Finally, a beer book that doesn’t labor over beer styles and mind-numbing tasting notes. Ken Wells has written a witty, informative, easy-to-read book from the perspective of a non-beer geek. Better yet, he writes with a reporter’s eye for interesting details not just about the subject, but also about things to the right and left of the subject. Above and below, as well.
Travels with Barley was born out of several articles on beer Wells wrote for The Wall Street Journal, where he has been a senior editor and writer for Page One since 1993. One of his colleagues suggested he write a book on the subject. Wells thought that was a good idea and he soon received a book contract and a sabbatical from the Journal.
Given the plethora of beer books on the market, Wells needed a new angle.

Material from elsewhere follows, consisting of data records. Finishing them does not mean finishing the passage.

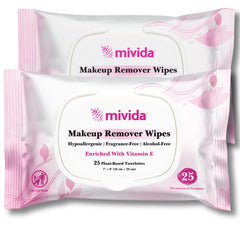 Mivida hypoallergenic makeup remover wipes pack, gentle cleansing for sensitive skin.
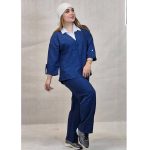 ست مانتو شلوار شانتون یقه سفید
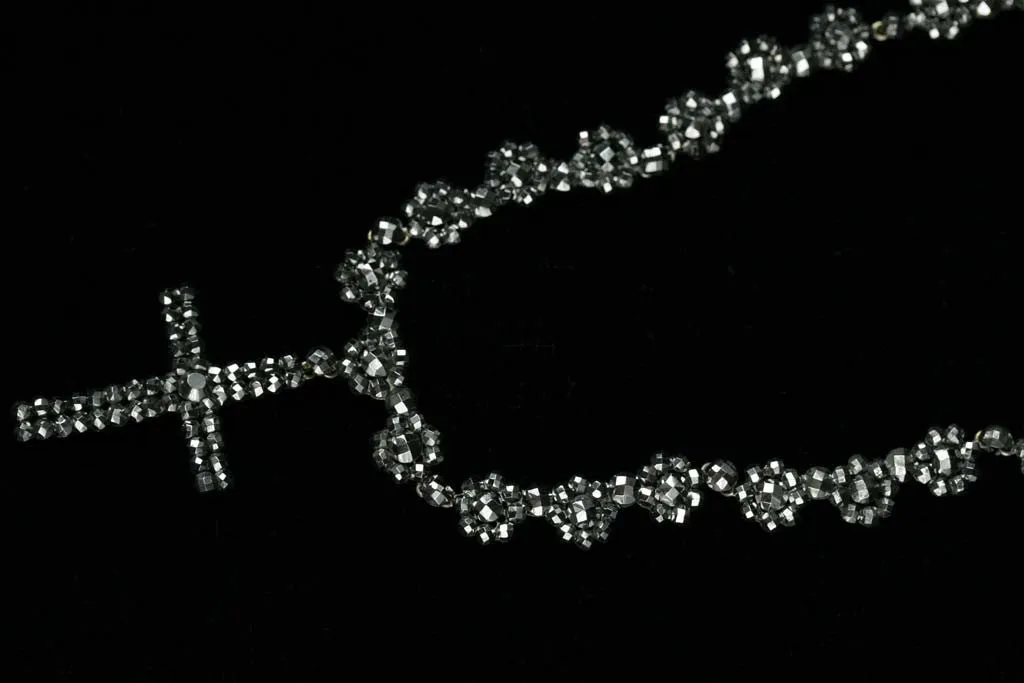 Victorian Cut Steel Necklace with Cross Pendant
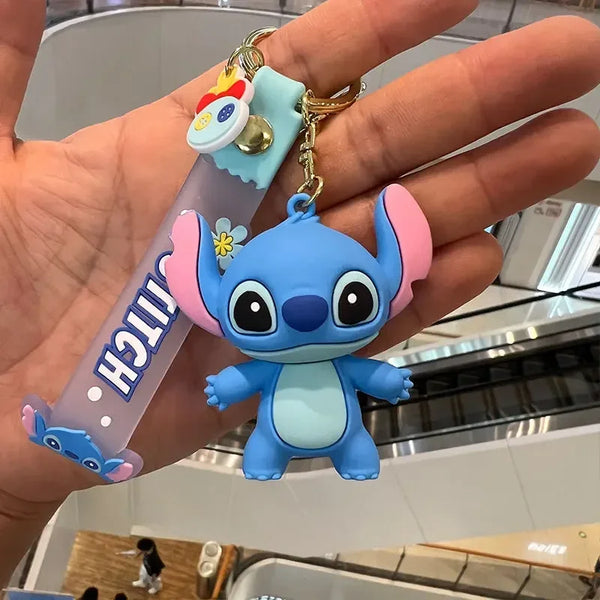 Cartoon Disney Lilo & Stitch siliconen hanger sleutelhanger voor vrouwen mannen fans mooie roze blauw paarse Stitch Angel sleutelhanger geschenken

He decided to write about beer culture in the United States and about Beer People—those who make, sell, drink and think about beer.
In his introduction, Wells tells the reader that he’s no beer expert, just an average enthusiastic amateur with a bias only against light beer. Growing up he knew only three types of bad beer: warm beer, flat beer and no beer. He stresses that he wasn’t a beer snob before writing the book, and that he’s not one afterwards—and this is after tasting perhaps 15 percent of the estimated 3,400 beer brands sold in the United States.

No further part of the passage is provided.